You can also recognize carnations by the foliage. They have a distinctive, silvery blue color, and are very narrow, ending in slight points. On older carnation plants, the stems become more woody at the base.
As carnations are widespread across the world, and have been popular plants for at least 2,000 years, no one is exactly sure where carnations originated from.
In some places, these perennials are often grown as annuals to add pops of color into a bed, border, or container, especially in places that get frost, as most carnations cannot stand exposed areas that are vulnerable to freezing temperatures.
You can get very compact varieties, as well as much taller ones which can get as tall as 4 feet high, though they will need staking throughout their lifespan to keep them supported.
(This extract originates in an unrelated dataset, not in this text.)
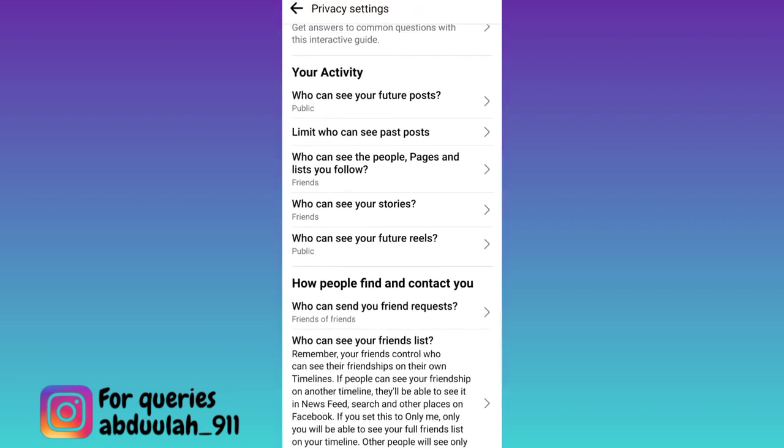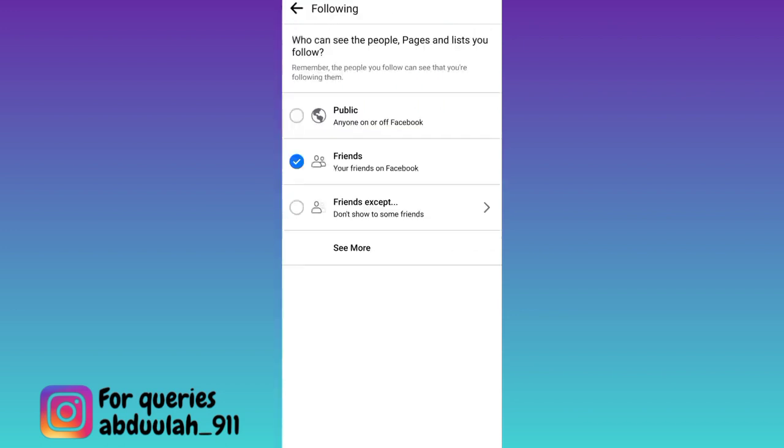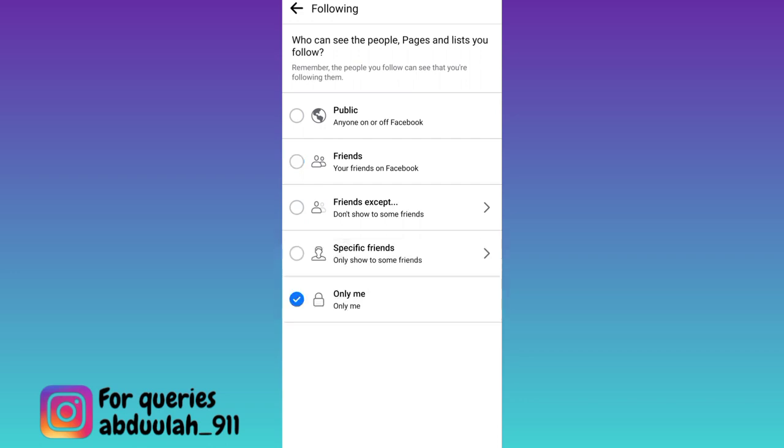And below the 'Your Activity' tab, you will see the option 'Who can see the people, pages, and lists you follow.' Click on it, then click on 'See More,' and select the 'Only Me' option.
The delicate stems of a taller carnation need support against heavy winds and rain, otherwise they are prone to snapping.
Types of Carnations
Many cultivars of carnations have been created over the centuries, all with different color combinations.
However, they can still be divided into three main types to make things easier when it comes to making sure you choose what’s suitable for your green space, and just as importantly, what you may like.
The Chabaud carnations are a very old type of carnation, one which was bred primarily for florists.
Chabaud carnations boast huge ruffled flowers, and the whole plant is noticeably taller at a maximum of 60cm. The flowers themselves can stretch to an impressive 8cm in diameter.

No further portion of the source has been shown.